Trotte Vieille se situe à l’est de Saint-Emilion, sur le haut du fameux plateau calcaire. La sobriété de la chartreuse et l’isolement  des lieux peuvent être en lien avec l’austérité des moines bénédictins qui vécurent là.  Les vignes, d’une cinquantaine d’années en moyenne,  sont plantées sur un sol homogène calcaire couvert d’une mince couche d’argile rouge d’une trentaine de centimètres. L’encépagement est à majorité merlot (55 %) avec 40 % de cabernet franc et 5 % de cabernet sauvignon. Le mode de culture est raisonné  avec rendement contrôlé par parcelle. Les vendanges sont manuelles. Le raisin est acheminé sur une table de tri et table vibrante. La fermentation malolactique se fait en cuves pour moitié et en barriques. L’élevage en barriques (100% neuves) s’opère sur 16 mois , l’ensemble sous le contrôle du directeur technique,  Christophe Dussutour.

  • La production annuelle du premier vin est d’environ 30 000 bouteille par an.
  • Second vin : La Vieille Dame de Trotte (créé en 2002).

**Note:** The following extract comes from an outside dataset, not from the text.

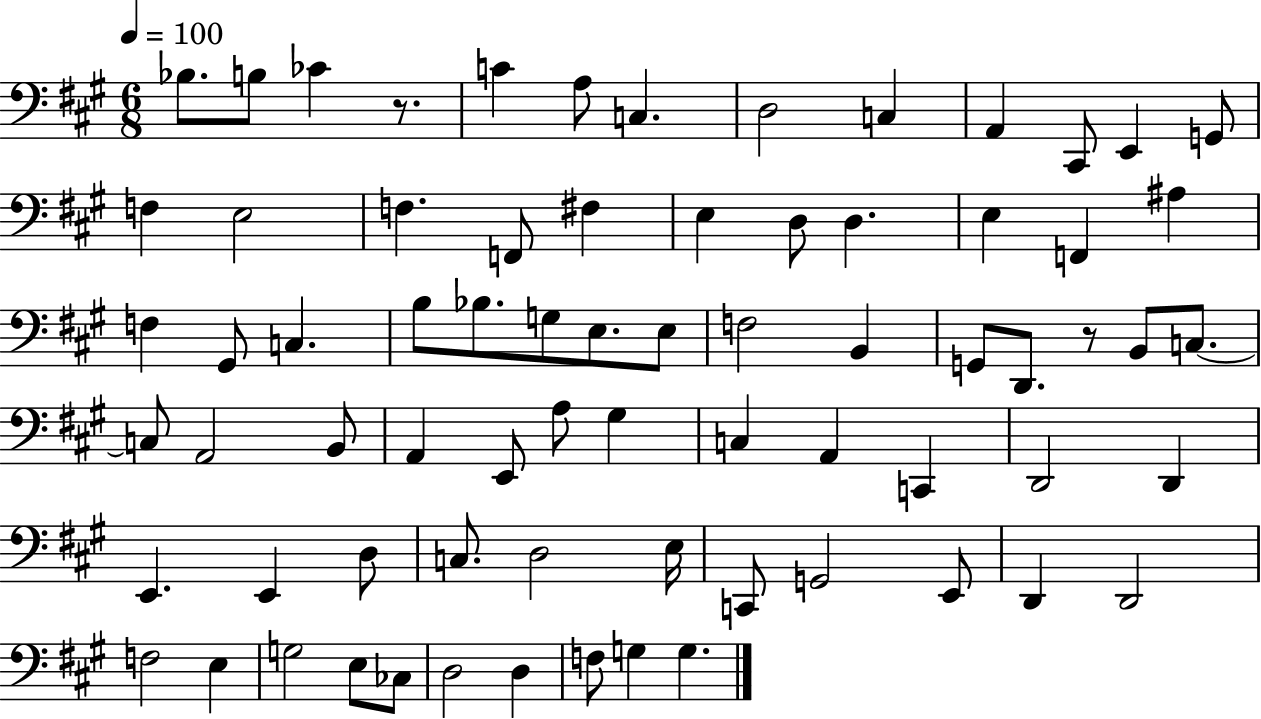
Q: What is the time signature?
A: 6/8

Philippe Castéja, viticulteur et négociant

Acheté en 1950  sur un coup de cœur (et on le comprend !) par Marcel Borie, Trottevieille est depuis dans la même famille. Il a été administré par Emile Castéja, gendre de ce dernier, à qui succède aujourd’hui Philippe Castéja devenu en 2001 PDG de Borie-Manoux. Il mène de front l’activité de négociant* et celle de viticulteur puisqu’il s’occupe des propriétés de Pomerol et de Saint-Émilion. Ce groupe familial compte désormais plus de dix châteaux dans le Bordelais. Le château Batailley est le berceau de la famille Borie.

Autres propriétés dont :

  • château Lynch Moussas : Cinquième Cru (1855) Pauillac, Médoc (depuis 1919)
  • château Beau-Site : Saint-Estèphe (depuis1955)
  • château Haut-Bages Monpelou : Pauillac (depuis 1970)
  • château du Domaine de l’Eglise : Pomerol (depuis 1973)
  • château la Croix du Casse : Pomerol (depuis 2005)

* Borie-Manoux contrôle également à Bordeaux : Turpin Frères, Henri Moreau, Albert Duverger et le négociant Grands Vins de Gironde (GVG). En 1996, la famille a acquis la majorité de Drouet Frères, producteur et négociant de la Loire.